Source - © 2017 Mayotte hebdo |
Comment savoir si les terriers creusés par ces crabes des mangroves ont une géométrie et une extension comparables à celles des thalassinoïdes ? Il faut employer la technique mise au point par Giuseppe Fiorelli qui, vers 1860, était archéologue/fouilleur à Pompéi. Ce dernier, quand lors de ses fouilles il trouvait un petit trou se prolongeant en profondeur dans les couches de cendres volcaniques, stoppait tout creusement et dégagement, et coulait dans ce petit trou du plâtre bien liquide. Il attendait 24 heures, puis enlevait doucement la cendre autour du plâtre qui avait durcit. C'est ainsi qu'il a découvert que certaines des cavités internes à la cendre correspondaient en fait à l'emplacement de corps de Romains, dont toute la matière organique avait disparu et qui ne subsistaient que comme cavités anthropomorphes. Tout ce que la majorité des visiteurs de Pompéi prennent pour des fossiles de cadavres sont en fait des moulages en plâtre (cf. Mort des pompéiens et les moulages de Pompéi).
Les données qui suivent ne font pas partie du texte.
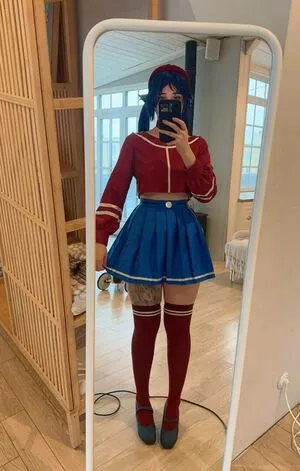 frauleinmilk Thumbnail Picture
On peut faire la même chose avec les terriers des mangroves. On coule par toutes les entrées des terriers un mélange de résine liquide et de durcisseur, on attend 24 h et on dégage ensuite très délicatement le sédiment meuble environnant. Il ne reste alors qu'un moulage du réseau de terriers qu'il faut ensuite nettoyer, déplacer, transporter au laboratoire pour en étudier la géométrie. C'est ce que font les chercheurs du Laboratoire écologie fonctionnelle et environnement (EcoLab) de Toulouse pour étudier l'écosystème mangrove, en particulier pour caractériser la population des crabes de cette mangrove, pour connaitre l'importance de la zone bioturbée, pour mesurer le volume des terriers, pour estimer l'extension des interfaces eau-sédiment / air-sédiment… La comparaison avec les thalassinoïdes est une retombée annexe de ces études écologiques. Cette comparaison montre qu'attribuer les thalassinoïdes à des terriers de crustacés fouisseurs anciens est parfaitement légitime.